Drug-drug interactions: Avoid serious adverse events with mood stabilizers
In clinical practice, prescribed drug combinations are often uncontrolled experiments, with unknown potential for toxic effects.
HOW TO MINIMIZE DDI RISK
Use the acronym “LISTEN” (Table 1) to minimize DDI risk in patients taking combination therapies.16 The 6 steps in LISTEN can help you determine which drug or drugs you may discontinue before adding another.
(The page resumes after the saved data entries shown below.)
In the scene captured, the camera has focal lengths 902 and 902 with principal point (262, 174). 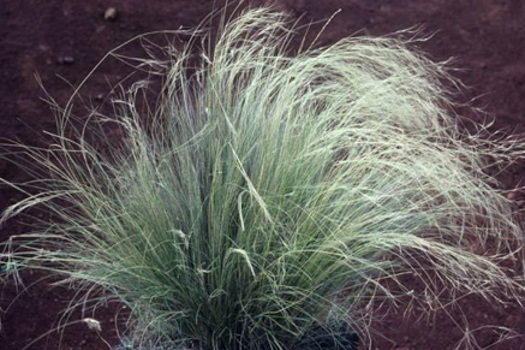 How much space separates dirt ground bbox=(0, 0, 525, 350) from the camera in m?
3.60

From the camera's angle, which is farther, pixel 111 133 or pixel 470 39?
pixel 470 39

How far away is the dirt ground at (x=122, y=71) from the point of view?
3.60m

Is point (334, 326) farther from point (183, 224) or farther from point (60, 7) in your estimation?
point (60, 7)

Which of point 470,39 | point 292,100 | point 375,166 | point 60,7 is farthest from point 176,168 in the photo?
point 470,39

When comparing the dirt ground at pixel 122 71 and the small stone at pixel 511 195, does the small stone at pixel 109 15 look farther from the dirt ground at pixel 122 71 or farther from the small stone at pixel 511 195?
the small stone at pixel 511 195

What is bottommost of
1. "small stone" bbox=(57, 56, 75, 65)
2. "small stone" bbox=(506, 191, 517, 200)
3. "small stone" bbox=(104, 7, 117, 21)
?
"small stone" bbox=(506, 191, 517, 200)

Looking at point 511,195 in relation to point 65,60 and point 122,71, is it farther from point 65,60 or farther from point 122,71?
point 65,60

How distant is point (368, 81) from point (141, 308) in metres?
0.84

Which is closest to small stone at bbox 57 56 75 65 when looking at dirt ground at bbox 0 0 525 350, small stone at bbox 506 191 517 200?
dirt ground at bbox 0 0 525 350

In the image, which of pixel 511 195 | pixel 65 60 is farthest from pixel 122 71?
pixel 511 195

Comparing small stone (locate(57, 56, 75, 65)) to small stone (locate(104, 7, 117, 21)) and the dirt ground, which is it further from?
small stone (locate(104, 7, 117, 21))

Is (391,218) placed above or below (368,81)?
below

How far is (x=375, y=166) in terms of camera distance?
2.33 meters

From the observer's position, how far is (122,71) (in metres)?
3.92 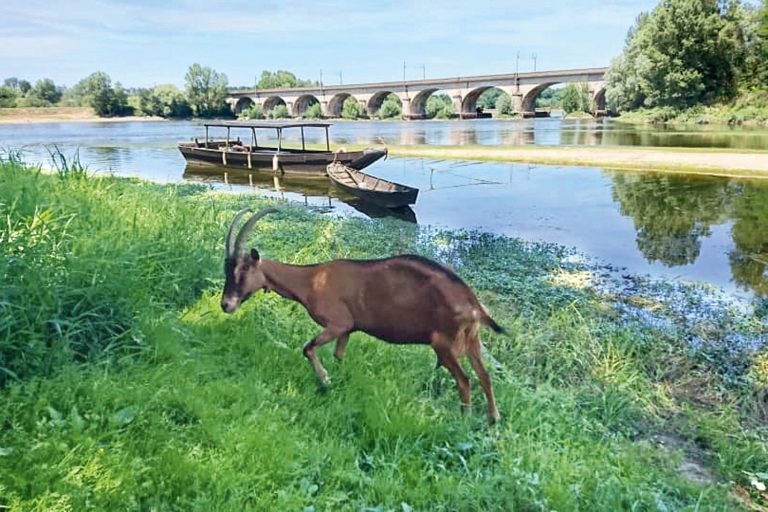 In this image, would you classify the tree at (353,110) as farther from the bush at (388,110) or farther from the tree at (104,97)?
the tree at (104,97)

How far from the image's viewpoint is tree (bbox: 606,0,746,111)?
51156 millimetres

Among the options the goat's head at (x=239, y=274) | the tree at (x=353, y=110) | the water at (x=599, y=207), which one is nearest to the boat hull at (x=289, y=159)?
the water at (x=599, y=207)

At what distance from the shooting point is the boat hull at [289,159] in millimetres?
24703

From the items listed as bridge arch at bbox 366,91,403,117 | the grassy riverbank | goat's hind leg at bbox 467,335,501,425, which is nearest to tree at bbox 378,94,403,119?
bridge arch at bbox 366,91,403,117

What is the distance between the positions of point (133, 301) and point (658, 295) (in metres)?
7.27

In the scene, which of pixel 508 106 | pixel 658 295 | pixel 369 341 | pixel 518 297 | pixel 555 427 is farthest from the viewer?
pixel 508 106

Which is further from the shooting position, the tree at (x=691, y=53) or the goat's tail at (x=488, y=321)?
the tree at (x=691, y=53)

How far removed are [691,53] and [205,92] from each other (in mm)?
73453

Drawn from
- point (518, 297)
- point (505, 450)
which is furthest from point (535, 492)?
point (518, 297)

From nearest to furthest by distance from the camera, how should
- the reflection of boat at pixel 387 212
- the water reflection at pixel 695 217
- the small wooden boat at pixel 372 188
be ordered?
the water reflection at pixel 695 217 → the reflection of boat at pixel 387 212 → the small wooden boat at pixel 372 188

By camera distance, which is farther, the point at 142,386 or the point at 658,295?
the point at 658,295

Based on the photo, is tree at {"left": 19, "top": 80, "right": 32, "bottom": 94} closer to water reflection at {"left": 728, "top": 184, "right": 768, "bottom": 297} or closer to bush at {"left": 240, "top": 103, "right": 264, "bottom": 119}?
bush at {"left": 240, "top": 103, "right": 264, "bottom": 119}

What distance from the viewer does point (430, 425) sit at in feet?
12.8

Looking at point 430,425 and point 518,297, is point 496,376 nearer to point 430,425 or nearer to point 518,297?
point 430,425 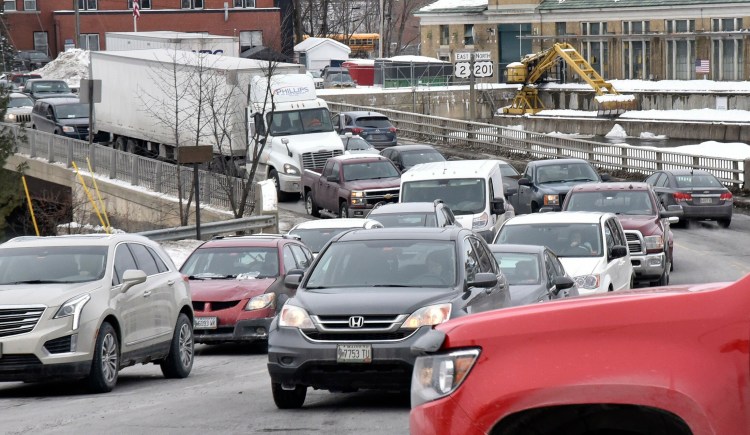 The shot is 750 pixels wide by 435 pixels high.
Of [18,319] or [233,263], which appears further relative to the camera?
[233,263]

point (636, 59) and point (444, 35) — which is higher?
point (444, 35)

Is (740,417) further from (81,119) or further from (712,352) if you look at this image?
(81,119)

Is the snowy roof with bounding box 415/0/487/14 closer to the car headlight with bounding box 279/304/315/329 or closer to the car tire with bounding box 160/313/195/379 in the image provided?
the car tire with bounding box 160/313/195/379

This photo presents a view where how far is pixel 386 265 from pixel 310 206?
84.3 ft

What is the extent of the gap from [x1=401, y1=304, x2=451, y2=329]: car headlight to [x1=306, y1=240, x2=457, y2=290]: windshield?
0.68 metres

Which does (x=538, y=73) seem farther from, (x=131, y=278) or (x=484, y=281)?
(x=484, y=281)

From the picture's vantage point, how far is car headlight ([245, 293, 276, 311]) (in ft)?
57.6

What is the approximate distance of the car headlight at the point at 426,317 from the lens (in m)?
10.9

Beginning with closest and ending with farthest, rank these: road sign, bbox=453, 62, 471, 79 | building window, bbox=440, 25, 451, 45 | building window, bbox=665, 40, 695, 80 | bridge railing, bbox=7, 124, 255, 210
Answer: bridge railing, bbox=7, 124, 255, 210 → road sign, bbox=453, 62, 471, 79 → building window, bbox=665, 40, 695, 80 → building window, bbox=440, 25, 451, 45

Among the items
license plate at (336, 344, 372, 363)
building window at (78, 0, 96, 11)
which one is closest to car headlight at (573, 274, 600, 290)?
license plate at (336, 344, 372, 363)

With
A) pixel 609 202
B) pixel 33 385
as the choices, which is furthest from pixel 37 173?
pixel 33 385

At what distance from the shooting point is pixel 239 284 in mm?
17906

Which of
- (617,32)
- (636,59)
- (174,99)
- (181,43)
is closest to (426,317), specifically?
(174,99)

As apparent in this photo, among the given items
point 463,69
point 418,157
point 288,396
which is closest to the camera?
point 288,396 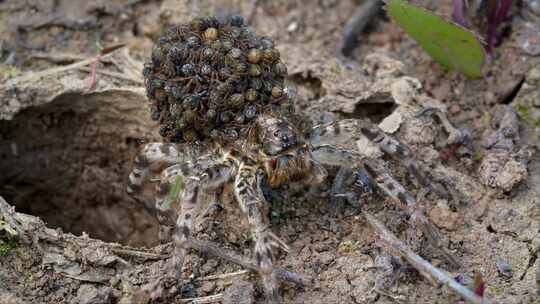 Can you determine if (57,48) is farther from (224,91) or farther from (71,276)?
(71,276)

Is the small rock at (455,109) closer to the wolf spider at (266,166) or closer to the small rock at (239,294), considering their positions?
the wolf spider at (266,166)

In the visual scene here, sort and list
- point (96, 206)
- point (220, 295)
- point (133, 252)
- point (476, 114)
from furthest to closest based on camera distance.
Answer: point (96, 206), point (476, 114), point (133, 252), point (220, 295)

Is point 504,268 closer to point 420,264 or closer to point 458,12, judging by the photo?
point 420,264

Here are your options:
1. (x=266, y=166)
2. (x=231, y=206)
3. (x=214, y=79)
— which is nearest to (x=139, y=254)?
(x=231, y=206)

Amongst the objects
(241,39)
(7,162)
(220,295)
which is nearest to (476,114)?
(241,39)

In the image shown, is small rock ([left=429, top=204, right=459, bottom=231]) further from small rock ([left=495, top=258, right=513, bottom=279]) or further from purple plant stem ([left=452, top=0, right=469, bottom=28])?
purple plant stem ([left=452, top=0, right=469, bottom=28]) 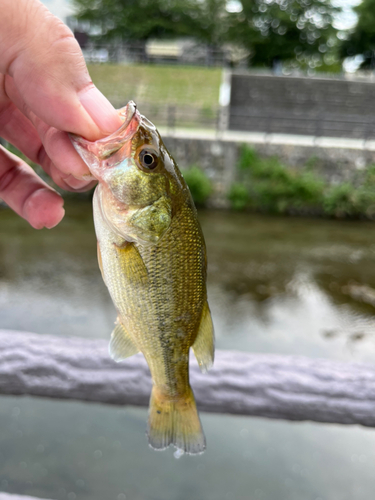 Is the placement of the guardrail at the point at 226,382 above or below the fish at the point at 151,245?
below

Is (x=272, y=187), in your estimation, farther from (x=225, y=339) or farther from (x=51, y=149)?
(x=51, y=149)

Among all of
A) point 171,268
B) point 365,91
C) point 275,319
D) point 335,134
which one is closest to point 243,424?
point 275,319

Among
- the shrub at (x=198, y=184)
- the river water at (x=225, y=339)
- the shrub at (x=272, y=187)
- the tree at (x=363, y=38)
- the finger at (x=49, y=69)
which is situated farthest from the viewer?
the tree at (x=363, y=38)

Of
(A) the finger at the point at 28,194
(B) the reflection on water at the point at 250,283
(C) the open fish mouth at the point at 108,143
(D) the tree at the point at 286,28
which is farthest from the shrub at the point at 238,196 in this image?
(D) the tree at the point at 286,28

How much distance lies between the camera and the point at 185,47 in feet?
75.7

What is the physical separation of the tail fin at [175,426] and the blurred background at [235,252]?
6.79ft

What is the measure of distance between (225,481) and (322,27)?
26.2 meters

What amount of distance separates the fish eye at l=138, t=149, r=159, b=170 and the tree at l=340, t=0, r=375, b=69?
1135 inches

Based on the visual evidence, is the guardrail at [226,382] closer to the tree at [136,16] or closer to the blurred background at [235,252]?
the blurred background at [235,252]

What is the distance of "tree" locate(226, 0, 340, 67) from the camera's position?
23.6m

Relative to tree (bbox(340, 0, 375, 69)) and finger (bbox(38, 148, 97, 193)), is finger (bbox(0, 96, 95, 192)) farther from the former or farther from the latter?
tree (bbox(340, 0, 375, 69))

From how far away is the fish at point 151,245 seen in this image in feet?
3.50

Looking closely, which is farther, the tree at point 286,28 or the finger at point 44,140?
the tree at point 286,28

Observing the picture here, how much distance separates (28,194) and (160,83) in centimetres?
1572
We also recommend that you monitor therapeutic and toxic effects by checking serum drug levels, especially for drugs with a low therapeutic index. Lithium, for example, requires close mentoring of plasma concentration every 2 to 6 months and during dosage adjustments to avoid toxicity.17 Therapeutic drug monitoring has been shown to prevent adverse events from DDIs.16 For added safety, encourage patents to purchase all medications at one pharmacy and to enroll in that pharmacy’s DDI monitoring program.18
Keep in mind that systemic conditions may require a dosage change:
- Increased volume of distribution, as in patients who gain weight or total water volume, requires higher doses to maintain a constant therapeutic effect.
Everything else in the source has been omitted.